Insects and agriculture
It is especially important to find a sustainable, delicious tasting and resource-efficient protein source, since exposure to microgravity reduces muscle mass, volume, and performance. Right now it is being investigated if the Mars explorers can grow their own food or if 3D printing food would be a viable option. Farming of animals on Mars has also been considered as a possibility, but since it is difficult to bring animals on a space travel, and animal protein is highly resource-inefficient, this option of producing protein has been ruled out.
Instead, lab-grown meat, insects and other alternative protein sources that provide a lot of calories per unit of land are investigated. Insect protein might be a logically good solution, but might be difficult to implement. Food has a very strong psychological impact when we consider people being away from everything they are used to, and most people still have a psychological barrier to eating insects. Lab-grown meat, on the other hand, requires a large number of resources and time to produce, requiring also plant resources to grow in the first place.
3D-printing of food
Now let us investigate the possibility to 3D print food. The first time something was manufactured in space was 2016 and it was made by a 3D printer. When coming to food 3D printing, you can customize recipes that take into account the nutrition that you yourself need. Instead of bringing food made on earth, you can bring the 3D printer and feed it with protein and starch stored as dry powder. For example, pizzas have been made with the use of a 3D printer. 3D printing is a manufacturing technique that allows the creation of form and shape. However, the basic components and nutrients still need to be provided in the form of powder or paste. This technique is indeed a great solution for variety and psychological elements, but it does not solve the question of how to obtain nutrients to start with.
Mycoprotein as a protein source
Mycoprotein that is grown in fermenters on small amounts of sugars could also be a suitable option for providing a stable and ”psychologically acceptable” protein source. Mycoprotein can already be found as a successful alternative protein source on earth supermarkets. Mycoprotein has the advantage of having a a high resource efficiency towards protein production. This would make a sustainable and rich protein source and give the possibility to create a great variety of food in space since it can be modulated towards different forms. To satisfy the daily protein requirements on Mars, a person would only need a portion equivalent to one chicken breast of mycoprotein with some added methionine supplement. This is a smaller amount than other protein sources, making mycoprotein a superior protein choice for its protein content and digestibility. Mycoprotein are also high in fiber which is also necessary for a healthy diet and often a rare occurrence in processed rations.
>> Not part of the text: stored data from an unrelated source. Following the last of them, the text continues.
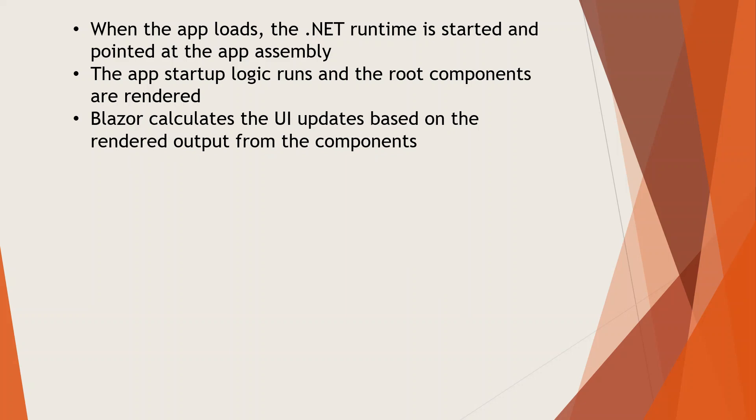The Blazor framework calculates the user interface updates based on the rendered output from the components. We've seen in the last two lectures how components are built—they're reusable capsules of code. The framework calculates the updates based on the rendered output from the components.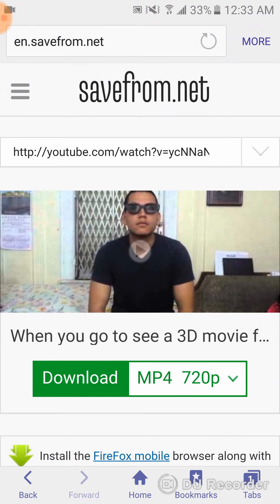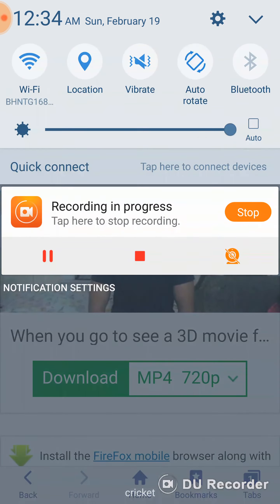If you find this video helpful, give it a thumbs up and subscribe to my channel, because in the future I will show you how to download music from YouTube or other stuff. Share it with your friends so they can learn how to download YouTube videos too. Thank you for watching, bye bye.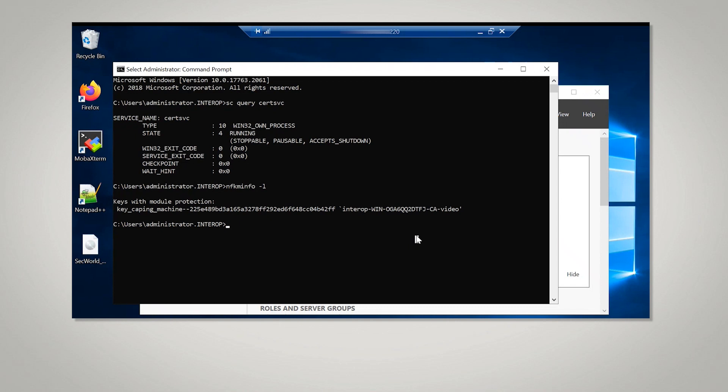This concludes the Microsoft ADCS and nShield HSM integration demo. Be sure to check Entrust.com/documentation for the latest documented integrations available from Entrust.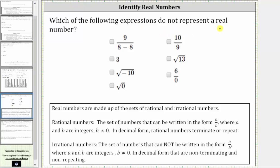Which of the following expressions do not represent a real number? Real numbers are made up of the sets of rational and irrational numbers. Rational numbers are the set of numbers that can be written in the form a divided by b, where a and b are integers and b can't be zero — because division by zero is undefined.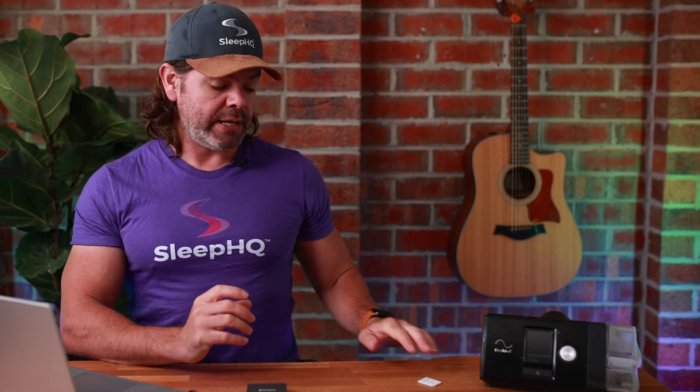Morning, mates. Welcome to the Sleep HQ Academy. In today's lesson, I'll teach you how to import your CPAP SD card data using a Windows-based PC or laptop. We'll take it nice and slow, step-by-step. Let's begin.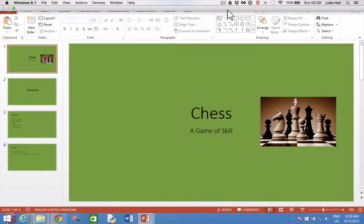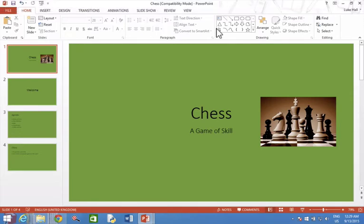I would like to be able to add the word Chess to the bottom of all of my slides. To do this I need to access the footer.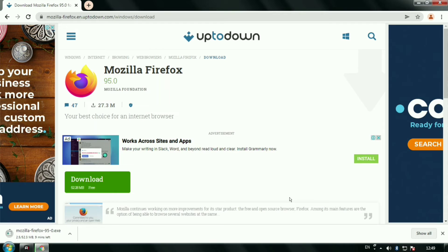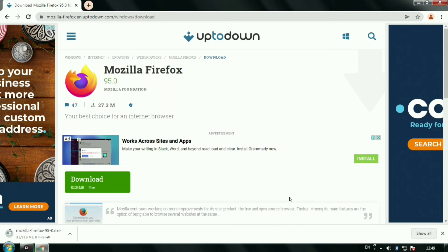I would like to tell you that Uptodown is a great and trusted app store for all Android users. It does not require login. You can just download the app without logging in, unlike the Play Store.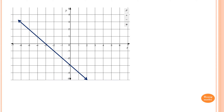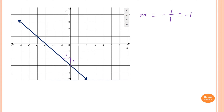This line is going this way, so m is negative. The rise is going up and across: 1 unit up and 1 unit across, so m is minus 1 over 1, which is negative 1. You can also draw a bigger triangle — rise is 3, run is 3 — and m is minus 3 over 3, which still gives minus 1. You can do either way.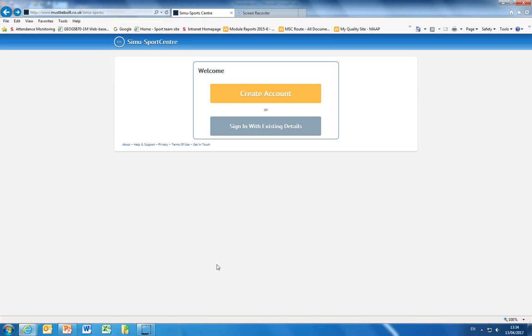Hi I'm Chris Moriarty and in this first short video I'm going to show you how to get started with Simi Sports Centre by creating an account or signing in with your existing details.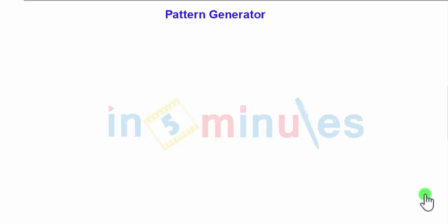Hello guys, welcome back to 'In Five Minutes.' In this presentation we are going to see the pattern generator. A sequential generator is a sequential circuit which generates a prescribed sequence in output. It is possible to design a sequence generator or pattern generator using counters or using shift registers. First of all, here we are going to use the shift registers.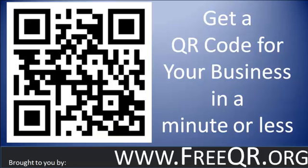Hi, this is Justin with More Business Today and FreeQR.org. I'm going to record this really quick video that's going to show you how to get a QR code for your business with tracking for free, and it'll take about 30 seconds.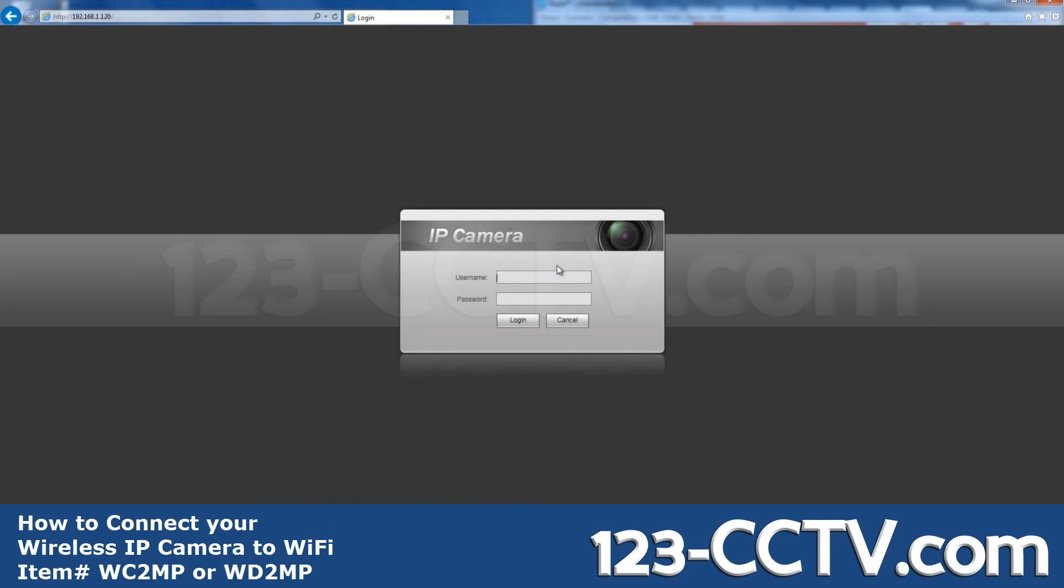In this video, we'll learn how to connect your wireless IP camera to Wi-Fi. After connecting the camera to your network with an Ethernet cable, enter its IP address in the URL bar.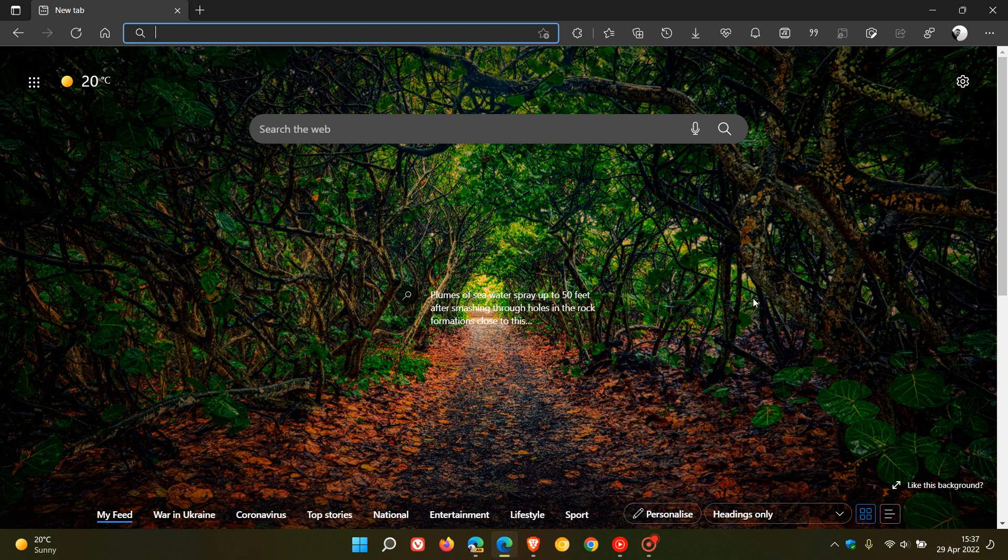We have a new version of the Microsoft Edge web browser for desktop, which is version 101, and this latest release started rolling out on the 28th of April 2022.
Most of us know how difficult will it be in the following years to feed a growing population on earth due to all the inefficient systems in the food industry. With Mars, we have the opportunity for a fresh start where we can have efficiency as the core value in technological development. If SpaceX or other space pioneers are planning to move people to Mars, it will be of great importance to find sustainable ways of making protein that tastes and feels good. Will we one day see mycoprotein as the protein of choice in the menus of space colonies? We definitely hope so!